Can someone check my proof please?
In the figure below, ΔABC ≅ ΔDEF. Point C is the point of intersection between segment AG and segment BF, while point E is the point of intersection between segment DG and segment BF.
http://learn.flvs.net/webdav/assessment_images/educator_geometry_v16/05_08_1b.gif
Prove ΔABC ~ ΔGEC.

Answer 1

AG intersects at point C = Given
BC ||CE = Supplementary Angles
<ACD = <GCE = Vertical Angles Theorem
<ABC = <GEC = Alternate Angles Theorem
∆ABC = ∆GEC = AA Similarity Postulate

Answer 2

I'll rewrite it in paragraph form when I know if my steps are right ^^

Answer 3

The picture seems to be unavailable

Answer 4

Hm hold on let me retry

Answer 5

Can you see the photo now? Or is still unavailable?

Answer 6

I see it, but I never learned this type of Geometry. All I can see to prove it is supplementary angles and that ACB and ECG are similar in a way. Sorry

Answer 7

Ah it's okay! Thank you for your efforts! Do you possibly know anyone who does know it?

Answer 8

Probably phi
Lots of others do, but I don't know them really

Answer 9

Alright thank you!

Answer 10

Do you recognize it? @peachpi

Answer 11

I don't think your second step is correct. BC and CE aren't parallel, they're parts of the same segment

Answer 12

Yeah I was wary of that one myself.. any ideas to what step 2 would be?

Answer 13

And for your 3rd, there is not <ACD.

I'm not sure you really need (or have enough info) to get into proportional segments.
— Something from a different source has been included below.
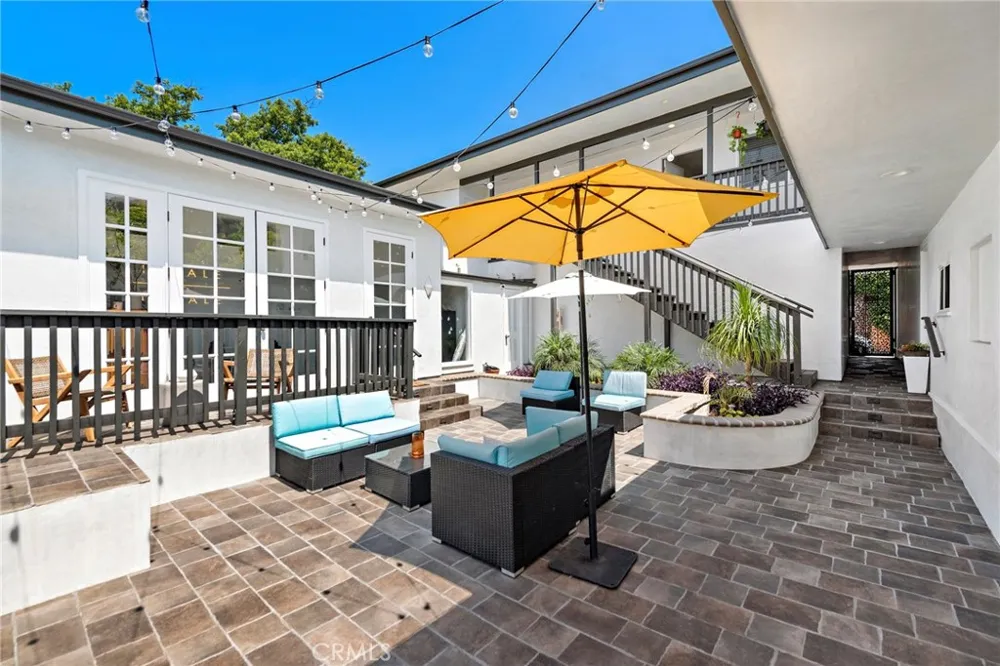 326 Coast #F Laguna Beach, CA 92651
I think you can just use the angles.

1. Start with the given triangle congruency.
2 & 3. Then use the vertical angle to relate the pair at vertices C & E.
4. Use CPCTC to equate <B with <E in triangle DEF
5. Use the transitive property to equate <B with <E in triangle CEG
6. Use AA to prove similarity

Answer 14

Thank you!